Koebel particularly uses "five-E", but Matt Mercer uses it too around 1hr14m:
Speaking honestly, the ranger in the initial five-E release ...
Puffin Forest's D&D 4e was a game:
The fact that I started with fourth edition is very unusual. Most people either started with three-point-five, or they were later and began with fifth edition.
I played a few sessions of three-point-five at the same time when I was playing fourth edition.
Matt Colville's Using 4E to make 5E Combat more fun! uses the long form in speech:
If you are a fifth edition Dungeon Master—and you are ...

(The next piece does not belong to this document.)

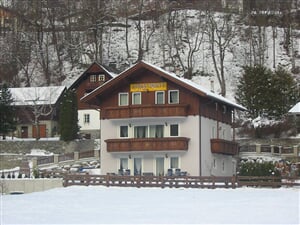 Mölltal - Apartmánový dům Edelweiss- Flattach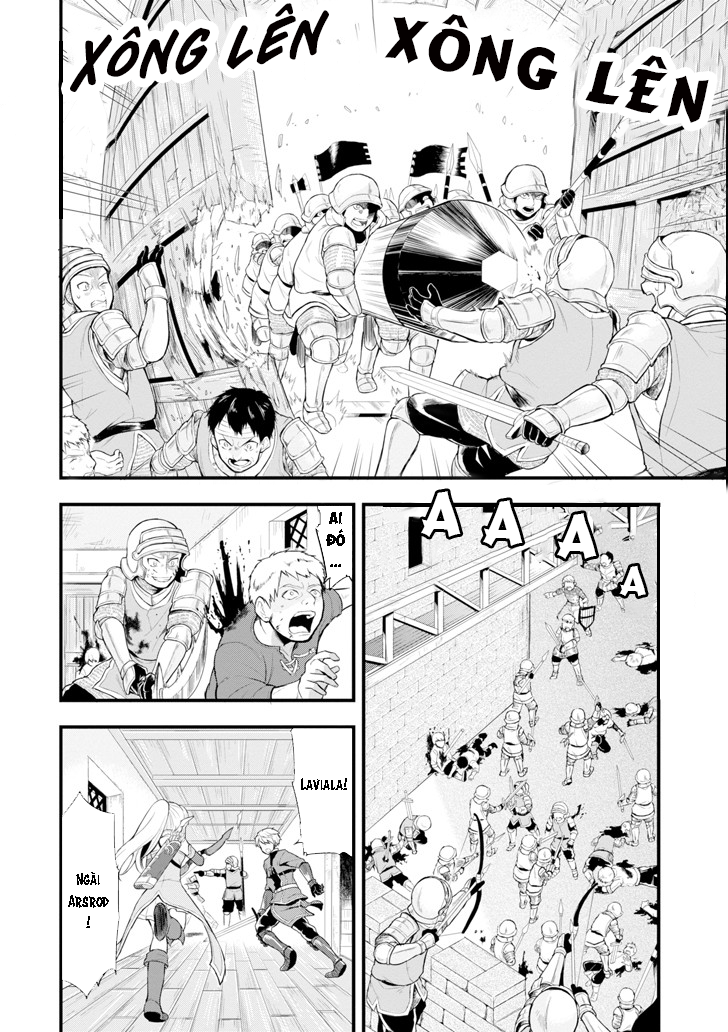 vì chức vụ bí ẩn mang tên oda nobunaga còn hack hơn cả kiếm sĩ ma pháp nên tôi quyết định tạo dựng một vương quốc chapter 2 48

I would just steal a bard ability from fourth edition. I would steal this ability; I would steal something like Fast Friends, which is a cool fourth edition bard ability.
This is the text for how to grapple somebody in third edition. ... This is how grappling works in fourth edition. And, by the way, I think this is is basically how it works in fifth edition.
However, in a written comment, Matt uses the abbreviated form:
One common criticism of 4E is that it "discouraged roleplaying." Now, certainly we had LOTS of roleplaying in my 4E game.
You might also find a good cross-section of the D&D community by asking on an English-language D&D forum, where multiple people can tell you how they pronounce it.
¹ Out of interest, Perkins' figure is an exaggeration; there were only 3,271 feats in the D&D Compendium by the end of 4e.